# 02 — Zero-shot Baseline & Scoring

**Purpose:**
 Run the unmodified NLLB model directly on your test data to create a **baseline** system for comparison.

**Steps:**

1. Extract test sources (`test.src`) and references (`test.ref`) from `test.tsv`.
2. Call your `translate_simple.py` script to generate predictions (`hyp.txt`).
3. Score with `score.py` to compute BLEU and chrF2.
4. Print metrics to verify baseline performance.

**Outputs:**

- `experiments/baseline/test.src`
- `experiments/baseline/test.ref`
- `experiments/baseline/hyp.txt`
- `experiments/baseline/metrics.json`

In [3]:
from pathlib import Path
import pandas as pd

pivot_model = "facebook/nllb-200-distilled-600M"
root = Path("..") # project root (one level up from notebooks/)
pp   = root / "data" / "processed"
exp  = root / "experiments" / "baseline"
exp.mkdir(parents=True, exist_ok=True)

# Load test TSV using pandas' interpretation
df = pd.read_csv(pp / "test.tsv", sep="\t", header=None, names=["src","tgt"])

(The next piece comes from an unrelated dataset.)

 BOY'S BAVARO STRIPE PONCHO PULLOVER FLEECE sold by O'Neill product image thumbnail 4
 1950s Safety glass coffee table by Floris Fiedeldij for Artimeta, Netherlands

# Clean target: remove embedded newlines, excess whitespace
df["tgt"] = (
    df["tgt"]
    .astype(str)
    .str.replace(r"\s+", " ", regex=True)
    .str.strip()
)

# Write clean src and tgt files
df["src"].to_csv(exp / "test.src", index=False, header=False, encoding="utf-8")
df["tgt"].to_csv(exp / "test.ref", index=False, header=False, encoding="utf-8")

print("Prepared:", exp / "test.src", "and", exp / "test.ref", "lines:", len(df))

Prepared: ..\experiments\baseline\test.src and ..\experiments\baseline\test.ref lines: 2750


In [None]:
!python ../src/decode/translate_simple.py \
  --model $pivot_model \
  --src ../experiments/baseline/test.src \
  --out ../experiments/baseline/hyp.txt

Loaded 2,750 lines from ..\experiments\baseline\test.src
Loading model: facebook/nllb-200-distilled-600M
Using source=tgl_Latn tag='tgl_Latn' → target=ceb_Latn (id=256035)
Device: cuda | batch=12 | beams=2
✅ Wrote 2750 translations → ..\experiments\baseline\hyp.txt


In [5]:
!python ../src/eval/score.py \
  --ref ../experiments/baseline/test.ref \
  --hyp ../experiments/baseline/hyp.txt \
  --out ../experiments/baseline/metrics.json

{
  "BLEU": 22.95,
  "chrF2": 44.5,
  "ref_len": 114606,
  "sys_len": 88718,
  "signature": "nrefs:1|case:mixed|eff:no|tok:13a|smooth:exp|version:2.5.1",
  "sacrebleu_version": "2.5.1"
}